Class 25
CS 372H
24 April 2012

On the board
------------

1. Last time 

2. Virtual machines overview
    --technologies
    --uses

3. Virtual machines history

4. Discuss VMWare paper

---------------------------------------------------------------------------

1. Last time

    --Determinator: discussion and Chris's presentation

2. Virtual machines overview

    TECHNOLOGIES

    --To "virtualize" means "to lie": the environment where the code is
    actually running is different from what the code seems to expect.
    Some piece of technology is "lying" to the code to fool it. Hence,
    "virtual memory", "virtualize the hardware", "virtualize IO
    devices", etc.

    --Types of virtual machine technologies:

	1. Binary interpretation (example: Bochs)

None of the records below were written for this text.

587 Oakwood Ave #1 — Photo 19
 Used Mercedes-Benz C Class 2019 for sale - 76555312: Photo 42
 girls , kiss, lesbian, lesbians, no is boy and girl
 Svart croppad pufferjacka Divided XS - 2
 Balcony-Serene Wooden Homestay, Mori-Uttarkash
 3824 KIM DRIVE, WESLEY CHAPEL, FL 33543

	2. Virtualization on bare metal (example: VMWare ESX, VMWare
	Workstation). [also requires binary rewriting.]

	    --run the OS and guest together
		draw picture: each OS looks as a separate process.

	    --how to fool kernel into thinking it's the kernel?

	    A. Trap-and-emulate

		--keep "process table" for the virtualized OS:
		    --saved registers
		    --saved privileged registers
		    --saved TLB contents
		
		--basically, just run code. when OS tries to do
		something privileged, trap to hypervisor, which emulates
		the effect on the OS and the virtual registers, jump to
		OS trap vector [so OS thinks it got a trap]

		    example:
		    guest does:
			mov %cr0, %eax
		
		    hyper-visor gets trap.
		    takes its stored version of %cr0
		    overwrites %eax

		    re-starts guest OS


	    --unfortunately, this technique is not sufficient on x86.
	    anyone know why?
	
		1. privileged state is visible. CPL stored in bottom two
		bits of %cs.

		2. some instructions don't cause trap; they mean
		different things in user and kernel space

   
	    --So we need another technique:

		    --translate instructions that mean different things in user
		    and kernel space. POPF (pop flags -- pops top of stack into
		    EFLAGS. in user mode, this thing does something different,
		    namely does not allow user mode to set or clear
		    interrupt-enable bit. thus, if guest kernel now thinks that
		    it's not going to get interrupted, need to actually make
		    sure that guest kernel won't get interrupted).
	    this is:

	    B. trap-and-emulate + binary translation

		--there can be hardware support for technique A, leading to:

	    C. trap-and-emulate using hardware support

    
	3. Paravirtualization + binary rewriting (example: Xen, Disco)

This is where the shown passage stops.